The African American Museum of Iowa is excited to bring a weeklong celebration to communities across Iowa and beyond with a virtual celebration starting Monday, June 15, 2020.

Visit the museum's website or their Facebook page to participate in these virtual events. 

The museum's largest free event, this annual program promotes black achievement, with a platform for learning more about black history. This year’s celebration has particular significance as the world witnessed the most recent murder of yet another black person, George Floyd, and the ensuing national and global protest that continues today.

“So, the Museum won’t just be celebrating, but launching renewed efforts in the fight toward real justice and equality, armed with allies and voices that need to be heard,” said Museum executive director, LaNisha Cassell.

Juneteenth is an annual, nation-wide celebration of the freeing of enslaved African Americans in the U.S. on June 19, 1865, when news of the Emancipation Proclamation at last reached Confederate Galveston, Texas, two years after the 1863 issuance.

The AAMI’s event is sponsored by Alliant Energy, Collins Community Credit Union and in partnership with the Cedar Rapids and Marion Civil Rights Commissions, the City of Iowa City Office of Equity and Human Rights, and Johnson County Government.

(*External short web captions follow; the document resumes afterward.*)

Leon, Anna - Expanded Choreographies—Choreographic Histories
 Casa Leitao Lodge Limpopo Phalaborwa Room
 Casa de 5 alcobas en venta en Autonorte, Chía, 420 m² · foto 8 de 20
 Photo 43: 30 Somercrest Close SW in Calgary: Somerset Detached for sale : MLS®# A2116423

In addition to sponsor and partner video remarks, the week will be filled with a lineup featuring dance, spoken word, rap, step, and singing performances. There will be an art demonstration, “how to” videos, a conversation on health, an art exhibit with Artisan Sanctuary and so much more.

A special highlight will be a recitation by world-renowned opera singer and Iowa native, Dr. Simon Estes. He will recite a portion of “The Other America,” a well cited speech delivered by Dr. Martin Luther King, Jr. in 1968.

There will also be a featured racial reconciliation prayer from Cedar Rapids’ new Wellington Heights Community Church.

If you are seeking opportunities to support the Museum through some new and community-based initiatives, check out The Black Pin Project, and the 100% Over Racism effort. Contributions can also be made directly at the museum's website.

The African American Museum of Iowa is a statewide institution dedicated to preserving, exhibiting, and teaching Iowa’s African American history. As Iowa’s leading educational resource on the topic, we educate more than 30,000 people each year through tours, traveling exhibits, research services, youth and adult education programs, and community and fundraising events.